Q2: Risk score. Mail.ReadWrite = 3 (Critical). Files.Read.All = 3 (Critical). User.Read = 0 (Low). Bulk consent (4 users in 90 min) = +4. Non-corporate IP = +1. Total: 11 (High — investigate immediately). Mail.ReadWrite is the highest concern: it grants the application the ability to read AND modify email — including deleting evidence of the phishing campaign.
Q3: IP analysis. Both IPs (198.51.100.44 and 198.51.100.51) are in the same /24 range, suggesting shared hosting infrastructure. Query the ASN: they belong to a cloud hosting provider, not a legitimate corporate network. The attacker used two IPs from the same provider — likely two VPS instances.
Q4: Phishing email. An email with subject “Action Required: Authorise DocuSign Integration” was sent from noreply@docusign-integration-service.com — a lookalike domain. The email directed users to a legitimate Microsoft consent prompt URL with the attacker’s application pre-loaded.

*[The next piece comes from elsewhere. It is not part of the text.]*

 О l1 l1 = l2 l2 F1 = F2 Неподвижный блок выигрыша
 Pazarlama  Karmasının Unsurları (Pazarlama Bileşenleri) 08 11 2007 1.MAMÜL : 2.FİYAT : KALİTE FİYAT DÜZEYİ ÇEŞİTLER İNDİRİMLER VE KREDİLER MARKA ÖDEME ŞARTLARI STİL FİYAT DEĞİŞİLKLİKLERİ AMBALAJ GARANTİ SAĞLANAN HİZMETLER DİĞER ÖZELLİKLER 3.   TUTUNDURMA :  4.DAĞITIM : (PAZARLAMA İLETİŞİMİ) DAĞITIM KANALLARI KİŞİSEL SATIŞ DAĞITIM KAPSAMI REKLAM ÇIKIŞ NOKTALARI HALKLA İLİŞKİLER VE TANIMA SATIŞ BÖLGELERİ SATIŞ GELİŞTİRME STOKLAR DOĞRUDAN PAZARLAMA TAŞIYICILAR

Q5: Campaign scope. The email was sent to 12 users across Finance, IT, and Engineering. 4 consented (the alert). 8 received but did not consent. 0 were blocked by email protection (the email contained a legitimate microsoft.com URL, so Safe Links did not flag it).
Q6-7: Data exposure. The application authenticated immediately after each consent. Exchange Online was accessed for all 4 users. j.morrison (Finance): 127 emails accessed. a.patel (Accounts Payable): 94 emails accessed. s.chen (IT): 43 emails accessed. r.williams (Engineering): 31 emails accessed. No SharePoint files were accessed (Files.Read.All permission was granted but not yet used).
Q8: Containment sequence. 1) Delete the enterprise application (immediately stops all application access for all 4 users — single action, maximum impact). 2) Block the phishing sender domain (prevents additional waves). 3) Reset passwords (the consent was not credential-based, but reset as precaution). 4) Revoke tokens (in case the attacker also captured credentials). 5) Notify users (after containment is complete — not before, to avoid alerting the attacker if any user forwards the notification). Order matters: deleting the application is the single action that revokes ALL OAuth access immediately. Password reset and token revocation address potential credential compromise. Notification comes last.
Q9: Detection rule.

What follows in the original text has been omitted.